Unfortunately, the announcement of the plane sale, even if the Administration felt it was necessary to show support for Sadat and the Saudis, caused most Jews to begin closing ranks on the bedrock issue of Israeli security.
One indication of the depths to which relations between Carter and the Jews have sunk is a nasty squabble over Carter's chief foreign affairs adviser, Zbigniew Brzezinski. Jewish leaders blame him for much of what they see as the pro-Arab tilt in Administration policy. Brzezinski has aggravated the tension by charging that the Jewish community is trying to smear him as antiSemitic. Retorts Rabbi Alexander Schindler. chairman of the Conference of Presidents: "That's an outrageous overreaction on his part. Nobody called him anti-Semitic or implied that. Disagreement is not racist." His conference colleagues back Schindler: last week they voted to extend his chairmanship indefinitely, as a way of protesting White House pressure on him for airing Jewish doubts about Carter's policies.
But Jewish sentiment was not unanimous that the Administration should be pushed quite so hard.
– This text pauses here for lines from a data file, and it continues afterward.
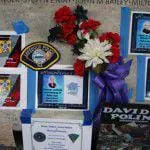 Photo Gallery from Police Week 2011 Washington DC
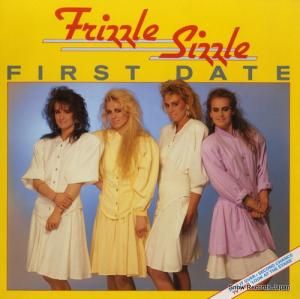 եå롦å first date 267.008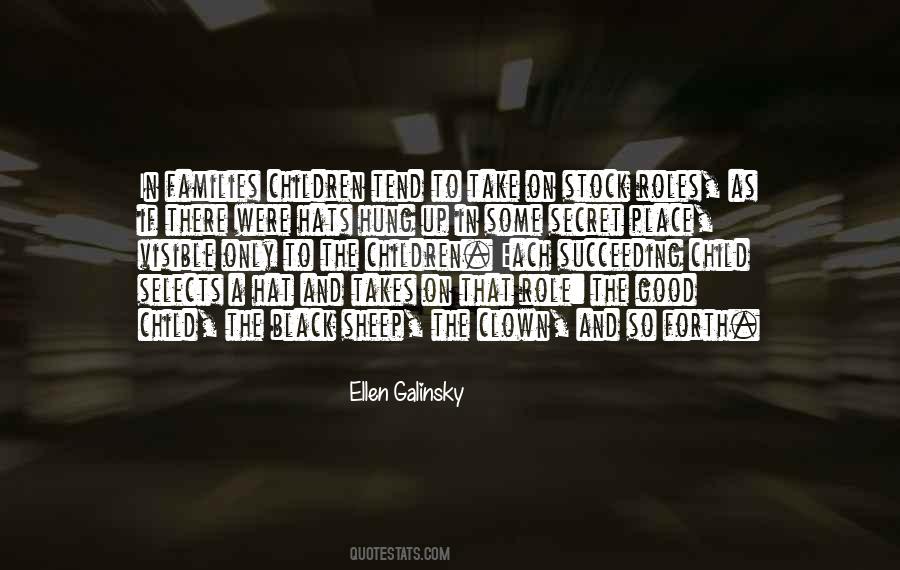 Stock On Quotes #1170768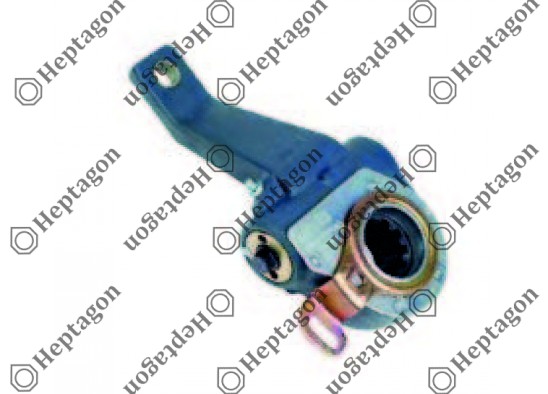 Automatic Slack Adjuster / 7001 300 004 / 1358635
One important skeptic was Richard Maass, president of the American Jewish Committee, who argued against quarreling with the White House in personal terms. Says he: "It's counterproductive. I think the Carter Administration is as dedicated to the survival of Israel as any previous Administration. My advice to both sides is 'Look, let's cool it.' " The advice is sound. Jewish groups do not want to run the risk of giving the appearance that it's Israel right or wrong. The White House badly needs Jewish leaders who can help convince Begin that reasonable concessions are needed if peace in the Middle East is to be achieved.